### Exercise aim
From the line with "四川成都:数字文创释放产业活力 配图" through the line with "шишки Новокубанск", repeat the entries verbatim, both end lines included, and add nothing.

----- Input data -----

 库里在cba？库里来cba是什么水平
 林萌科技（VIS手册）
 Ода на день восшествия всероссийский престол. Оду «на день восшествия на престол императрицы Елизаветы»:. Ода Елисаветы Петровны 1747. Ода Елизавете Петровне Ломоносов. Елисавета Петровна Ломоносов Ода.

-----
----- Input data -----

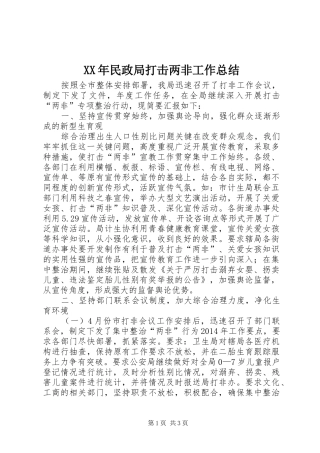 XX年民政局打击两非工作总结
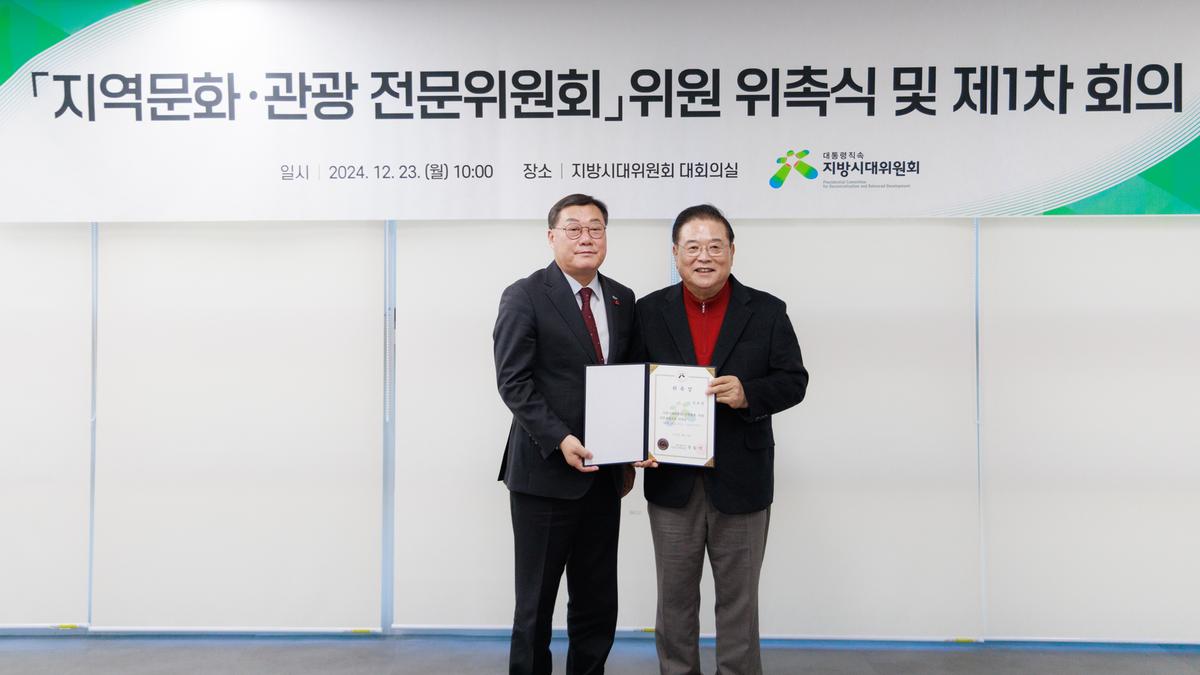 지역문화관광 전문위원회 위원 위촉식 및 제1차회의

-----
----- Input data -----

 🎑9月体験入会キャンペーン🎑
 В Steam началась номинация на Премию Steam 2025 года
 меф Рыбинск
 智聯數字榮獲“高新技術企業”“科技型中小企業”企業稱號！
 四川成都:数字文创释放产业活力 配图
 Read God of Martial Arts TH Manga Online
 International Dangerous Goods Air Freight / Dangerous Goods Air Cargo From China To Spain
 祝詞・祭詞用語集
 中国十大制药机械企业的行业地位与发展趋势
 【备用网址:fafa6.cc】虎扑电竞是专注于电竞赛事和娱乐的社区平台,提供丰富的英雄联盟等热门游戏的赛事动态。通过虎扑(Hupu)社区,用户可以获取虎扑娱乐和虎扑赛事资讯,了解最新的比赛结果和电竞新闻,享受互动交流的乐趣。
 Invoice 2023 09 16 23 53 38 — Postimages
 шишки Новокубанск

-----

### Answer section
 四川成都:数字文创释放产业活力 配图
 Read God of Martial Arts TH Manga Online
 International Dangerous Goods Air Freight / Dangerous Goods Air Cargo From China To Spain
 祝詞・祭詞用語集
 中国十大制药机械企业的行业地位与发展趋势
 【备用网址:fafa6.cc】虎扑电竞是专注于电竞赛事和娱乐的社区平台,提供丰富的英雄联盟等热门游戏的赛事动态。通过虎扑(Hupu)社区,用户可以获取虎扑娱乐和虎扑赛事资讯,了解最新的比赛结果和电竞新闻,享受互动交流的乐趣。
 Invoice 2023 09 16 23 53 38 — Postimages
 шишки Новокубанск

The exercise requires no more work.